Conserved predicted Furin cleavage sites and hydrophobic fusion peptides of glycoprotein F.

Shown is a multiple sequence alignment of the middle part of the ectodomains of representative glycoprotein F. Arginine (R) residues in the putative Furin cleavage site and hydrophobic residues (Leu, Ile, Val, Phe, and Trp) in the fusion peptides are highlighted in red and green, respectively. Furin cleavage sites were predicted using ProP-1.0 (https://services.healthtech.dtu.dk/services/ProP-1.0/). Conserved α helix structures are shown upstream and downstream of the Furin cleavage site.

Conservation of cysteine bridges in errantivirus HSV/gB ectodomains.

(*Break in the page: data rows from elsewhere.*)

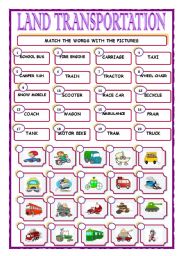 English Worksheet: LAND TRANSPORTATION/MATCHING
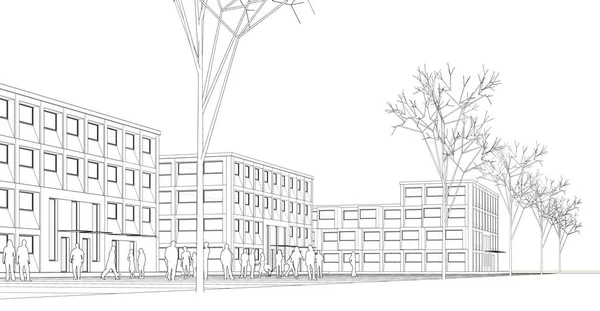 Stadsplein Moderne Abstracte Architectuur Illustratie — Stockfoto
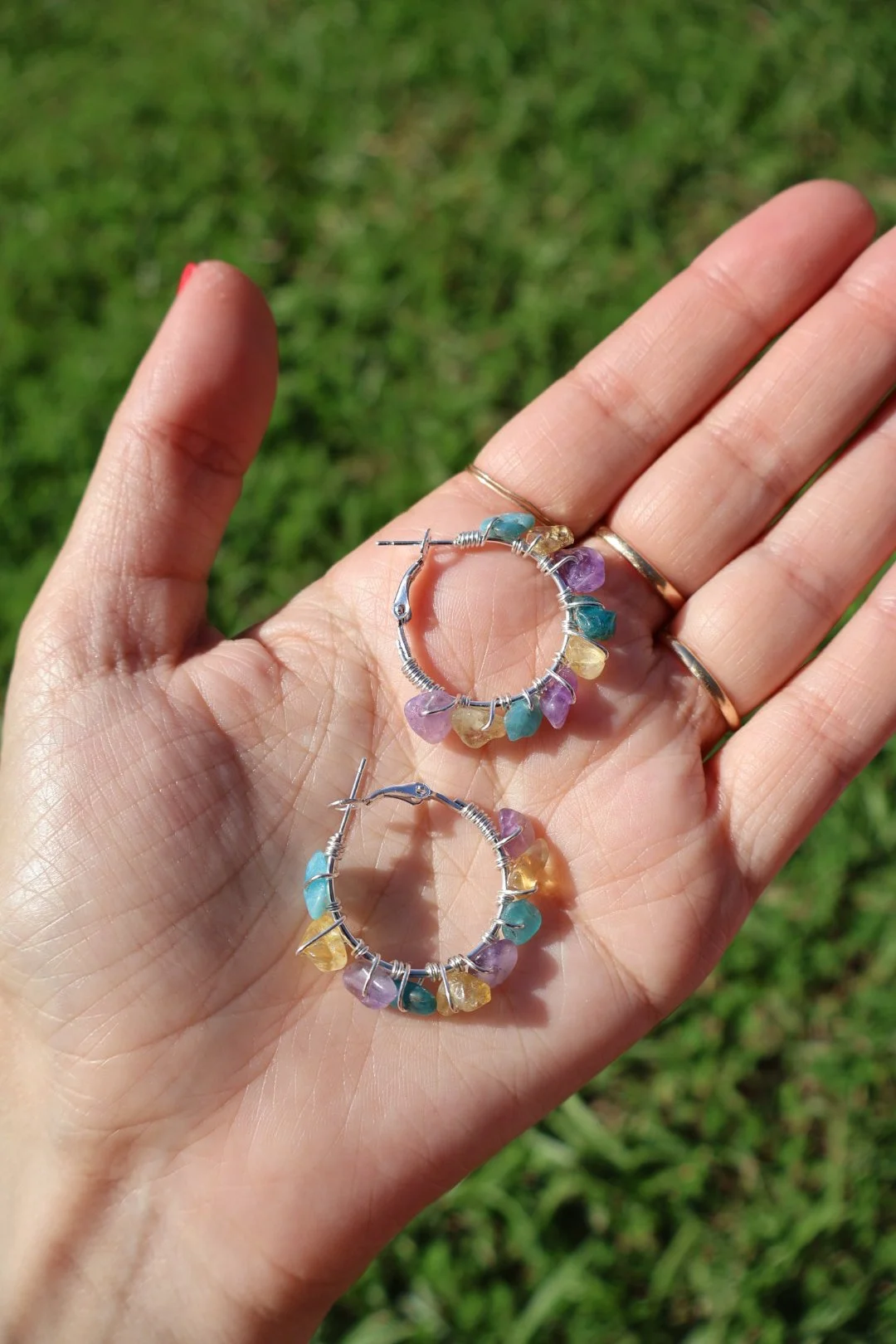 Amethyst x Citrine x Blue Apatite Mini Gemstone Hoops - SILVER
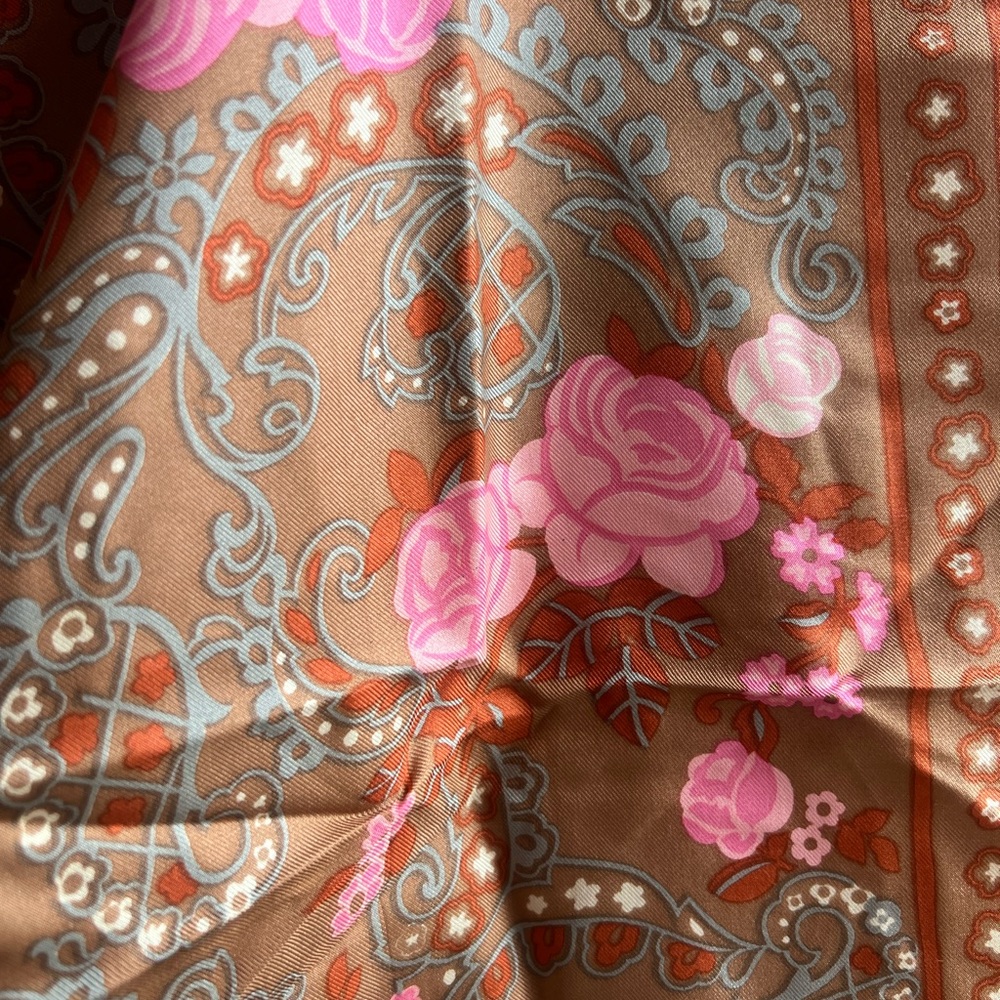 Givenchy Silk Pink and Brown Floral Scarf - Picture 3 of 9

Shown are alignments of domain I and II of all errantivirus HSV/gB ectodomains with cysteine residues highlighted in red and hydrophobic residues in the fusion loop peptides highlighted in green. Sequences from different metazoan orders are separately aligned. Conserved cysteine bridges within and across the alignments are numbered, and the tree positions of ERVs are shown where “insect errantiviruses” and “ancient errantiviruses” are highlighted in white and green, respectively, as in Fig 2A. ERVs that were used for the structural analysis are marked by asterisks. The structure of Hymenoptera_Formicoidea_Tbic_errantivirus_1 is shown to highlight the position of the cysteine bridge in domain I of insect errantivirus HSV/gB ectodomain and the absence of the fusion loop II. Note that the single HSV/gB-type ENV found in Annelida errantiviruses did not predict a trimer structure, therefore, it is not included in the structure classification.

Presence of chromodomain in “ancient” errantiviruses –

Maximum likelyhood tree of RT from representative errantiviruses along with known Ty3/gypsy elements. ENV type (*) annotated for Glycoprotein F (F) (orange), and glycoprotein B (HSV/gB) (purple). Chromodomain (**) annotated in purple.